* [What needs to be done] Write out exactly the lines below starting at the one containing "Novalnet Zahlungen" and ending at the one containing "How to get tickets". Omit every picture.

* [Material for the task]
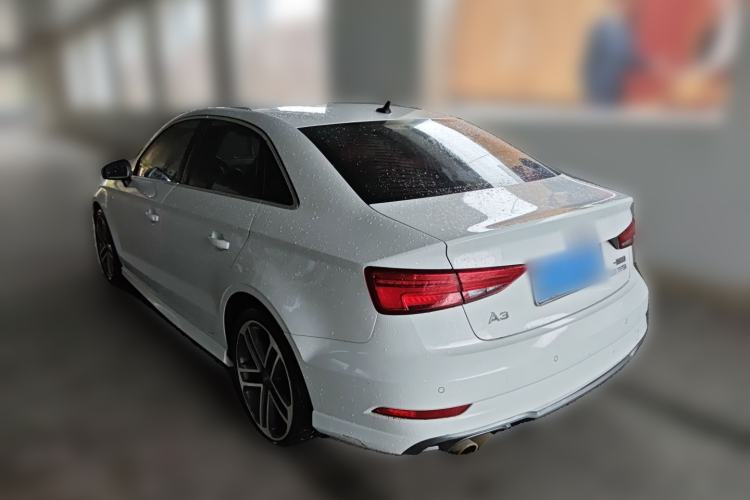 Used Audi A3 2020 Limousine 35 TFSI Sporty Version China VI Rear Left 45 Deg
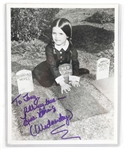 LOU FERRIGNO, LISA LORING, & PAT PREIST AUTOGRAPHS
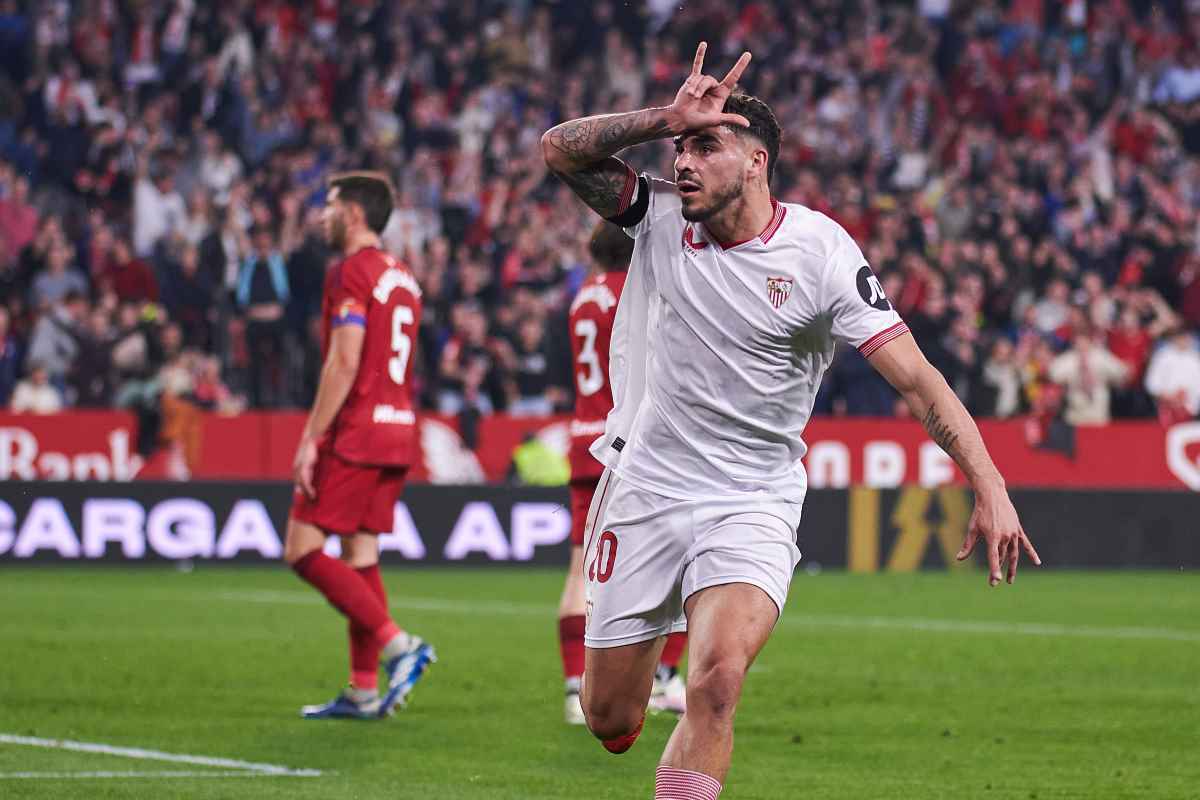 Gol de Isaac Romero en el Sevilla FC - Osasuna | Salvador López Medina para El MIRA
...
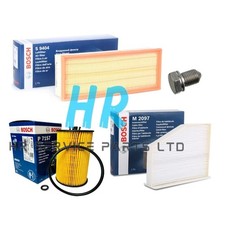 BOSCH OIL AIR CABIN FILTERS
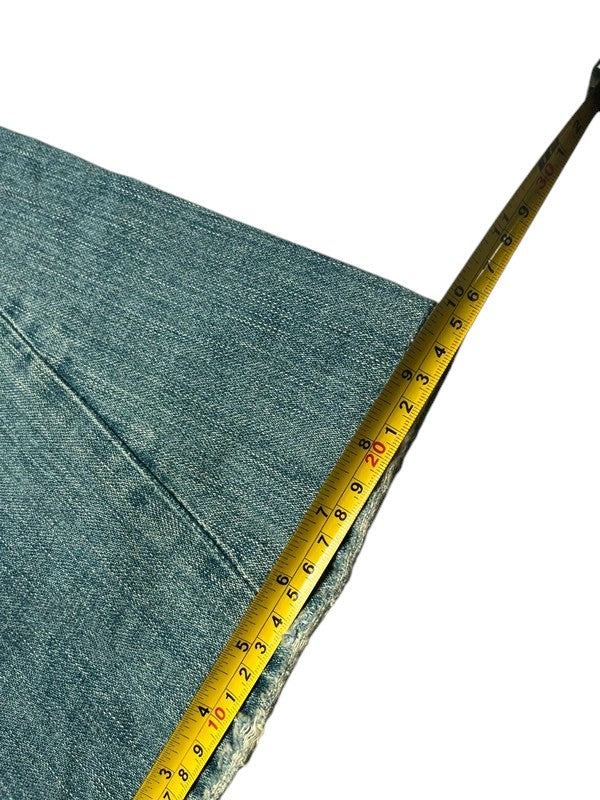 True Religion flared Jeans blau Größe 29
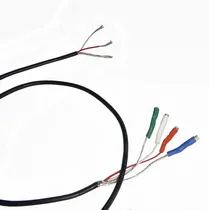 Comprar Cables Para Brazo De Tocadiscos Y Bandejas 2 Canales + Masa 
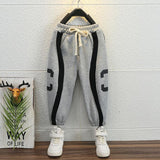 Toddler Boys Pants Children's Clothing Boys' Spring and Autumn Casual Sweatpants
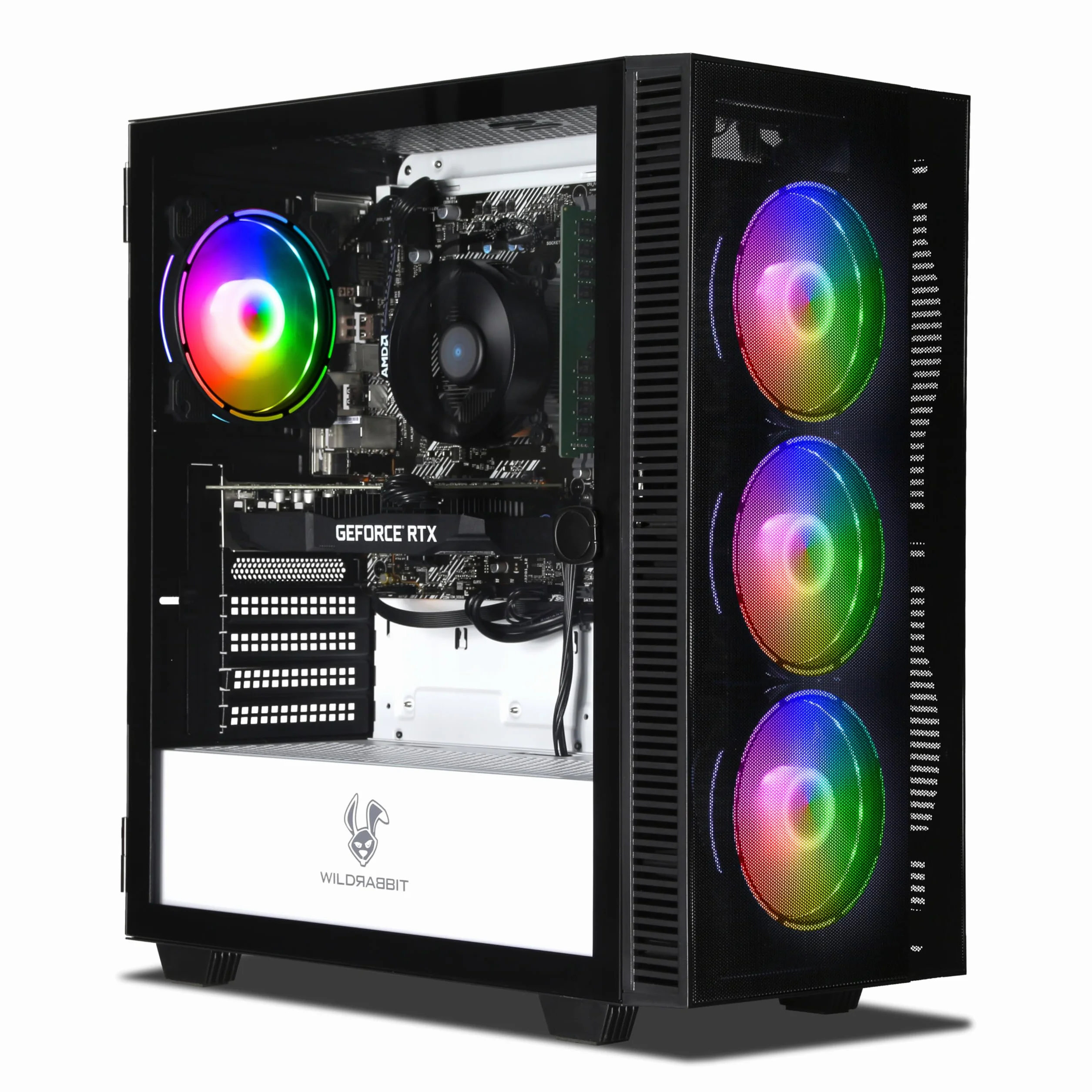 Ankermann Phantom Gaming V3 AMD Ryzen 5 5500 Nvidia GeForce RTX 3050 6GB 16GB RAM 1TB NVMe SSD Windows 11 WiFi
==
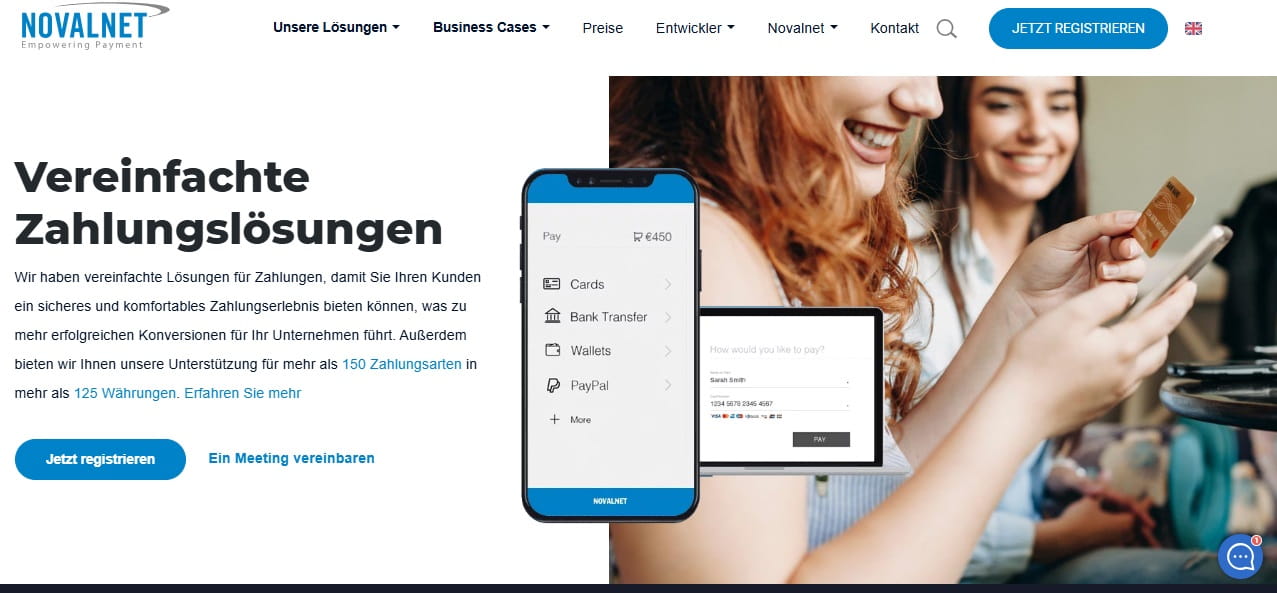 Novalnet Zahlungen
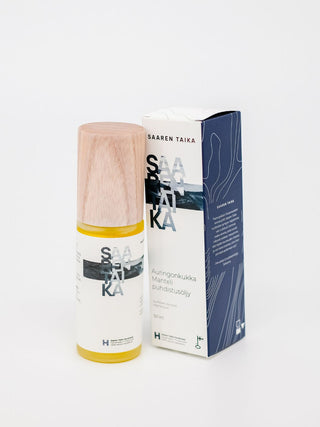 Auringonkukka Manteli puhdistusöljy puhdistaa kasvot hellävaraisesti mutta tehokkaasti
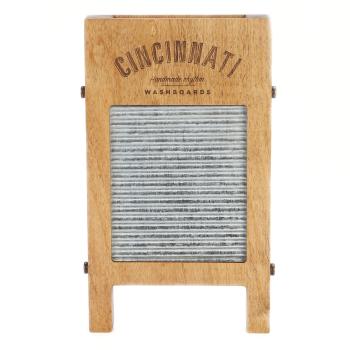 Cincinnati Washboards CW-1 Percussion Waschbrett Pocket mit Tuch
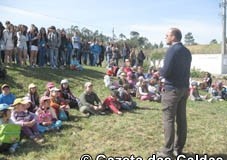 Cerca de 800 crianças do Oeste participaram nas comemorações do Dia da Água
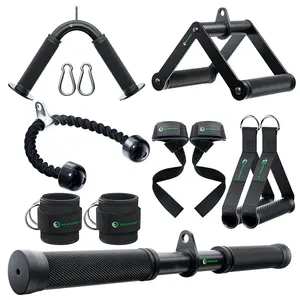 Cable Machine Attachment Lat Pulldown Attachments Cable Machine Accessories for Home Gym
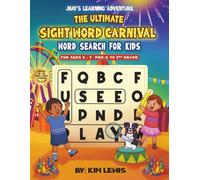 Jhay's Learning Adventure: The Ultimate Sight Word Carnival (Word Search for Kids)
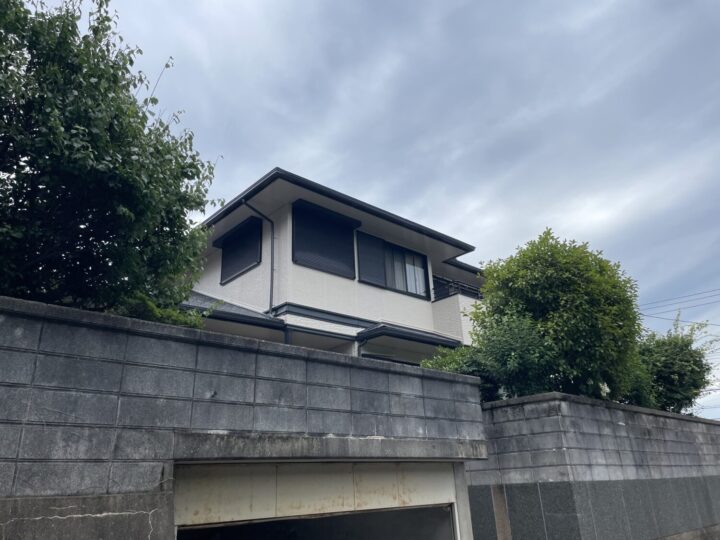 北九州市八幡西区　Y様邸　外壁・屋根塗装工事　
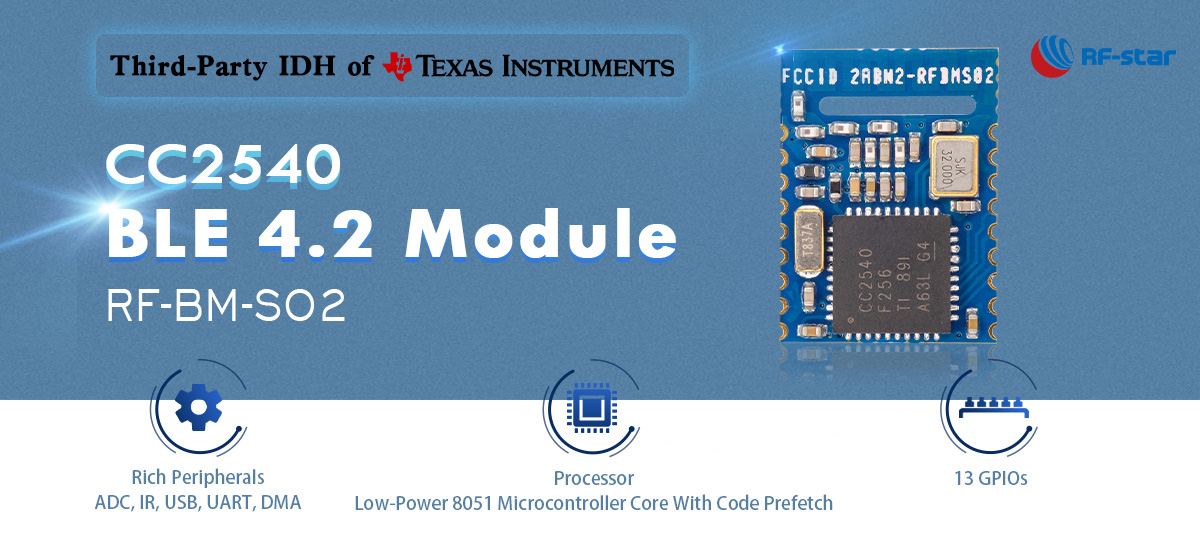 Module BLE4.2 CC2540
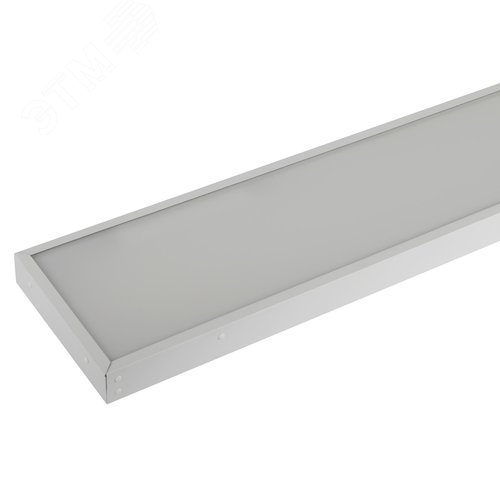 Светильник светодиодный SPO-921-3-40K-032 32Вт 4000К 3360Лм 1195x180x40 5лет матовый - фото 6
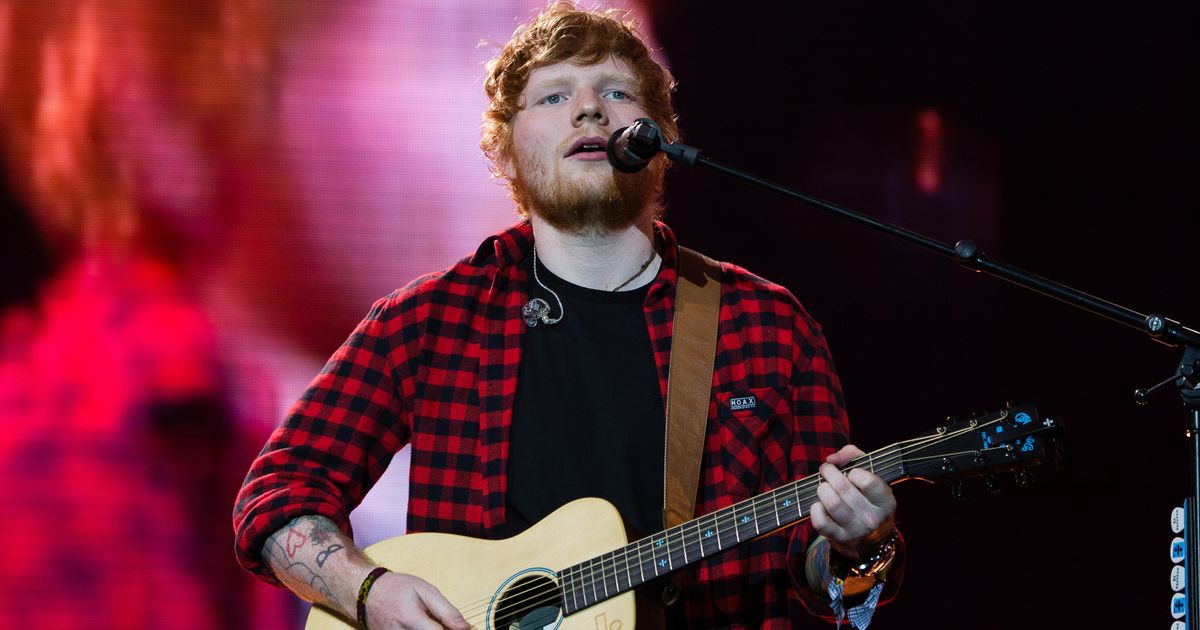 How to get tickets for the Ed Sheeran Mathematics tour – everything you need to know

* [Exercise answer]
 Novalnet Zahlungen
 Auringonkukka Manteli puhdistusöljy puhdistaa kasvot hellävaraisesti mutta tehokkaasti
 Cincinnati Washboards CW-1 Percussion Waschbrett Pocket mit Tuch
 Cerca de 800 crianças do Oeste participaram nas comemorações do Dia da Água
 Cable Machine Attachment Lat Pulldown Attachments Cable Machine Accessories for Home Gym
 Jhay's Learning Adventure: The Ultimate Sight Word Carnival (Word Search for Kids)
 北九州市八幡西区　Y様邸　外壁・屋根塗装工事　
 Module BLE4.2 CC2540
 Светильник светодиодный SPO-921-3-40K-032 32Вт 4000К 3360Лм 1195x180x40 5лет матовый - фото 6
 How to get tickets for the Ed Sheeran Mathematics tour – everything you need to know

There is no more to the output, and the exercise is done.